Amaro Freitas- Abertura do Carnaval de Recife 2024. Homenagem a Naná Vasconcelos

Amaro Freitas

Para o Y’Y, Freitas fixou sua visão temática na bacia amazônica e no povo indígena Sateré-Mawé da região. Mesmo longe de Recife, o ambiente inspirou o pianista a experimentar “um novo reino de criação musical, enraizado na magia e na possibilidade e temperado por um senso de administração das generosidades da terra...”. Ele entrou no estúdio com um grupo de peso, muitos dos quais ele conheceu durante a turnê de Sankofa: o flautista-saxofonista Shabaka Hutchings (Sons of Kemet, The Comet is Coming), a harpista Brandee Younger (Makaya McCraven, Meshell Ndegeocello), o guitarrista Jeff Parker (Tortoise, Isotope 217), o baterista Hamid Drake (Don Cherry, Herbie Hancock) e o contrabaixista cubano Aniel Someillan.

Em “Uiara”, Freitas guia um arco eletrônico pelas cordas do piano como uma forma de “gerar ruídos como o do boto cor-de-rosa”, conforme explicado nas notas de lançamento. Em outra parte, Freitas usa fita adesiva para distorcer as cordas do piano “para emular o som de sintetizadores” e, de outra forma, mexer com a mecânica de seu instrumento. “Mar de Cirandeiras” vibra como uma peça de jazz ambiente da ECM de meados dos anos 1970, repleta de vocalistas sinistros à la Eberhard Weber. Amaro toca as teclas tão suavemente em alguns pontos que é possível ouvir o contato do martelo, mas não a reação da corda.

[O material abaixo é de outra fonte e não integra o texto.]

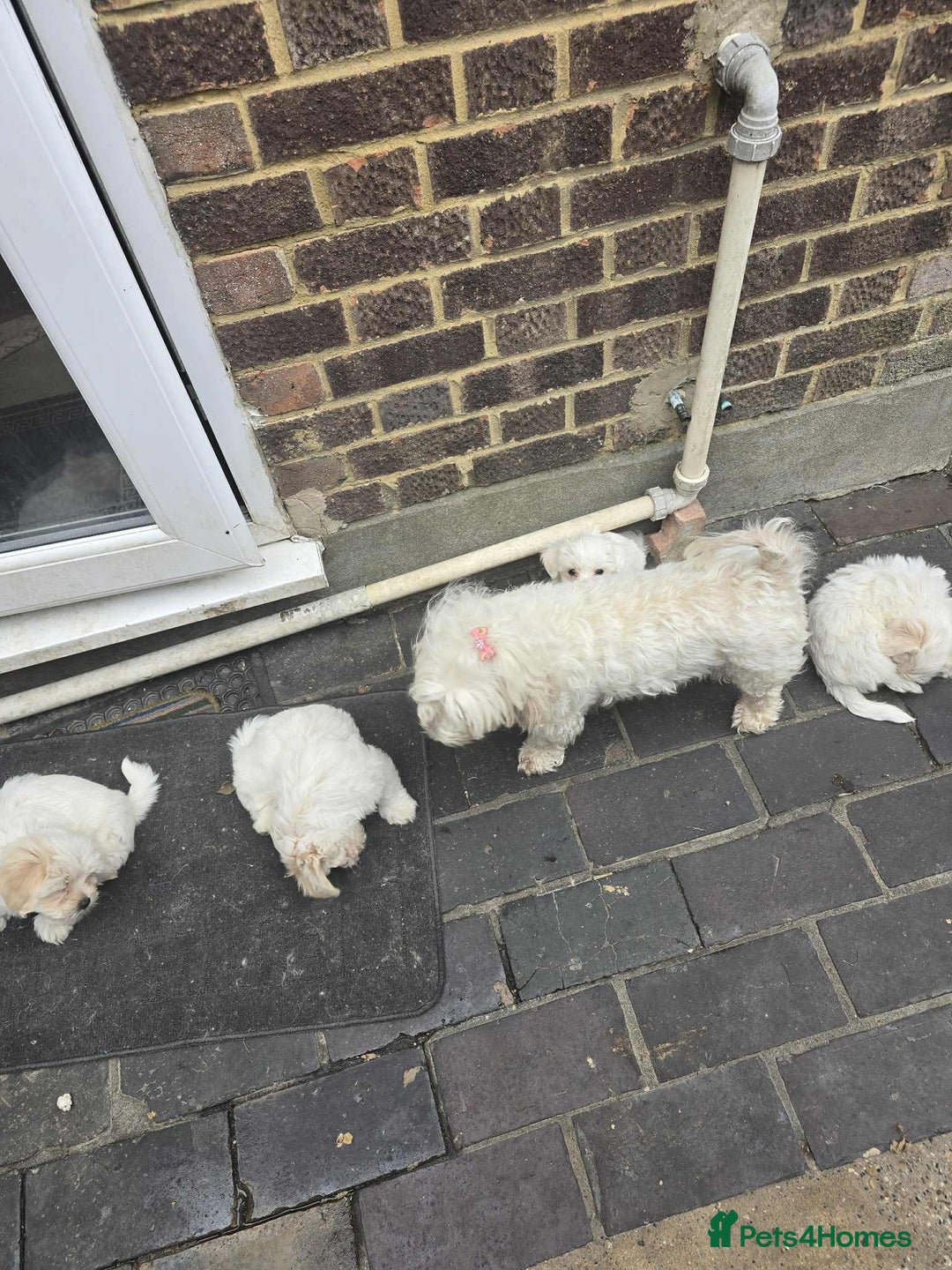 Bichon Frise dogs for sale: Bhison maltez - Image 2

Em meio a todos esses elementos, o pianista cria milagre após milagre. É raro um álbum de jazz para piano como Y’Y - cheio de tanta energia espontânea, com tantas habilidades de tirar o fôlego e uma abordagem tão singular. Repleto de tantas reviravoltas como um filme de Quentin Tarantino, Y’Y é um disco para se perder. Ouça alto e com intenção.